Tuesday, February 1, 2011

322. Chinese New Year's Eve's discussion with intern - the economics of practice

Feb 2, 2011 Eve of Chinese New Year.

Old Silkie, 15 years, with two snow-white cataracts and fast-growing tumour on the neck area. Panting. The mum was much distressed. Teenaged daughter and dad were saddened. Euthanasia was the humane solution to stop the suffering and pain. It was Chinese New Year's eve and it was a joyous occasion but this had to be done.

I explained to intern Michelle (waiting for her A level results and getting to know much more about the practice of vet medicine) that a pyometra surgery could not be done for less than $1,000 - $2,000 if the surgery has lots of equipment as these assets need to be paid for. She had been impressed by one well equipped surgery in Singapore. In the end, the customer just would not want that vet to operate on her dog, due to economic reasons. I was charging $500 and that would be a lot of difference.
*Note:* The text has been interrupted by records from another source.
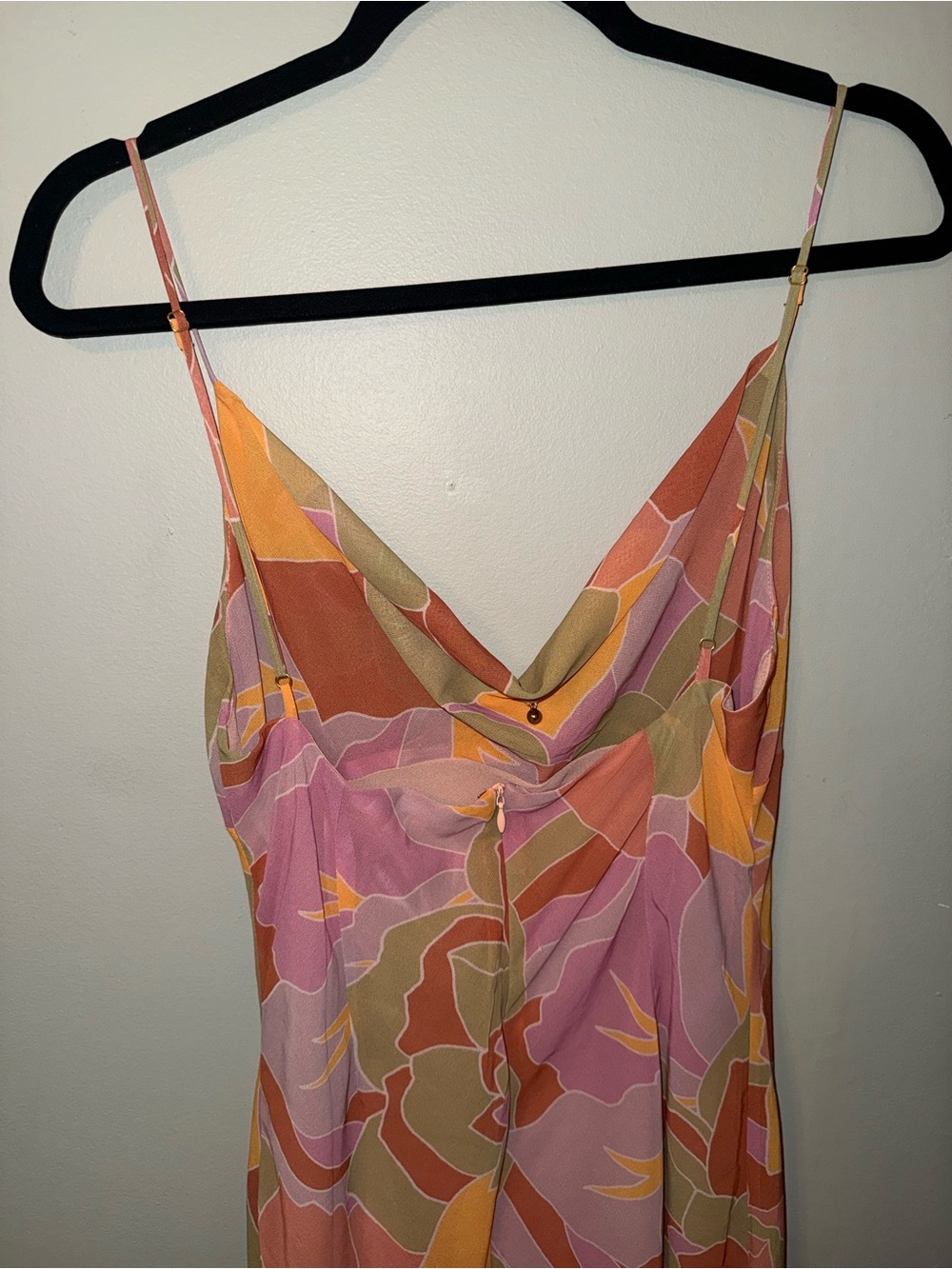 NWT Runaway The Label Sienna Multicolour Slip Dress Maxi summer size 6 / Medium - Picture 9 of 10
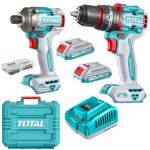 TOTAL TOOLS – 2 PIECE COMBO IMPACT DRIVER AND IMPACT DRILL TOTAL TOOLS – 2 PIECE COMBO IMPACT DRIVER AND IMPACT DRILL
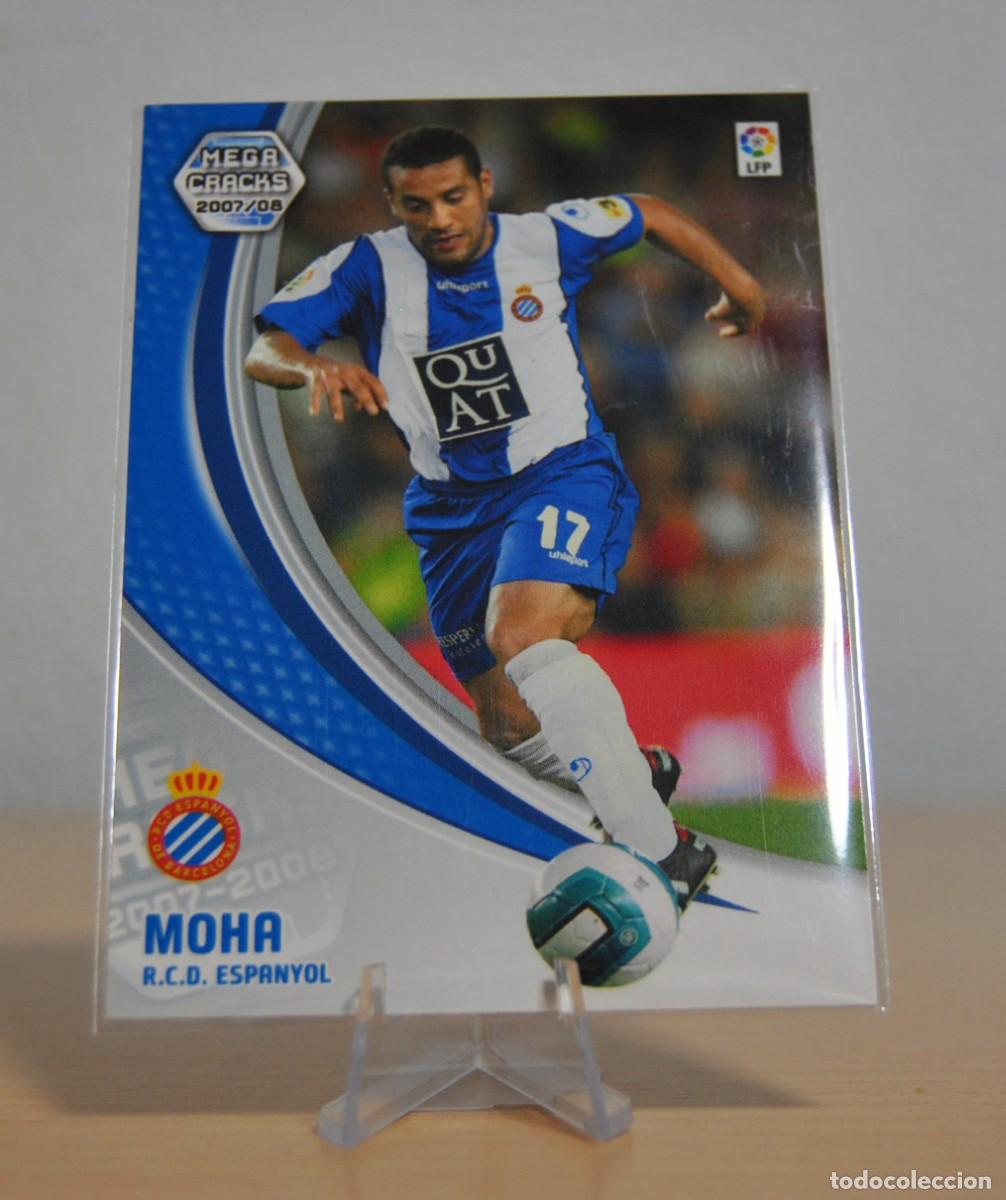 Trading cards: Moha, n&ordm;126 BIS (R.C.D. Espanyol). Colecci&oacute;n Cromos MegaCracks 2007-2008. Panini.
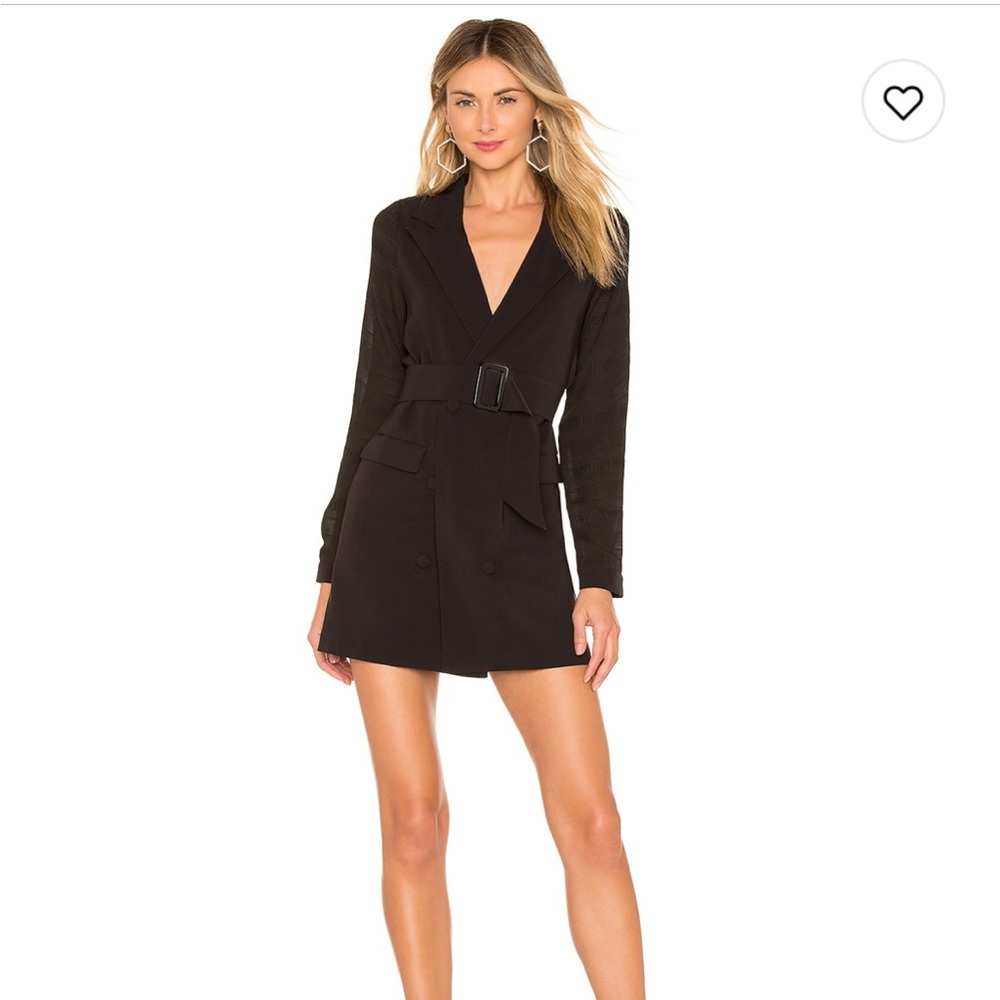 Privacy Please Black Blazer Dress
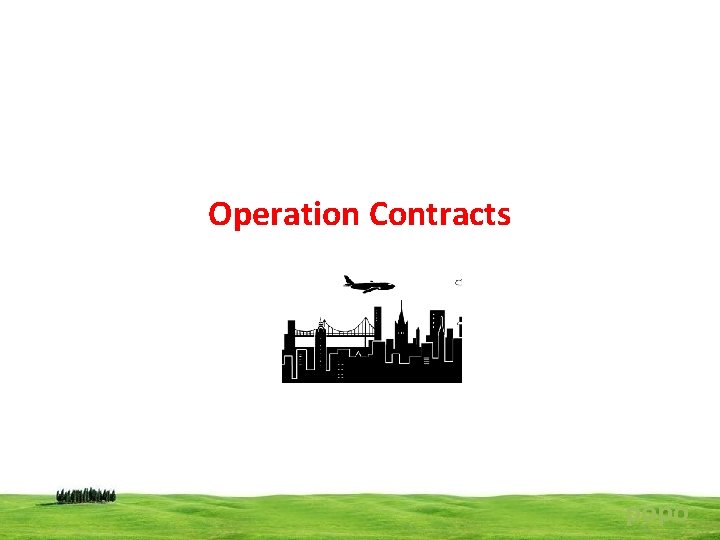 Operation Contracts popo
I don't know whether she understands. "If the surgery has a lot of clients, it will be possible to pay for more manpower," I said. "It has to charge higher fees too to pay for the expensive MRI scan equipment and others. Otherwise, there is no net profit at the end of the year and how is the owner going to earn a living? In reality, the owner may just lose the case to a more affordable vet, as in the case of pyometra in the Jack Russell you saw."


Feb 1, 2011
I visited an older vet to thank the vet for the oranges and bak kua present. The vet had just recovered from an illness. She explained to me her modus operandus when I told her that she should not reject big breeds neutering. A case from her had come to me. "No, I don't want to do it. Simple wounds and simple medical cases at the lowest cost will attract clients. I don't understand why vets would charge higher fees and get less cases."

This strategy was correct as most people prefer low fees. In Bishan, I used to see a general practitioner with a long queue compared to his competitor 4 doors away. Could be the former's low fees, I am sure.

I did not comment on her strategy as she was differentiating her services by not handling difficult surgery cases like neutering of big breed Golden Retriever or complicated ones like removal of stones in the dog's stomach. She just refers them to a big practice which calls itself the "... referral clinic" and whose staff from the Philippines run down her and others for not being so well equipped.

Besides being bad-mouthed by staff of referral clinics with their arrogant policies, if the vet charges low fees, it is hard to have sufficient savings to upgrade facilities and equipment as well as to pay staff. Many pet owners prefer to visit a "better-renovated" practice and pay a bit more as they enjoy the ambience and feel confident that the vet would do a better job. First impressions count.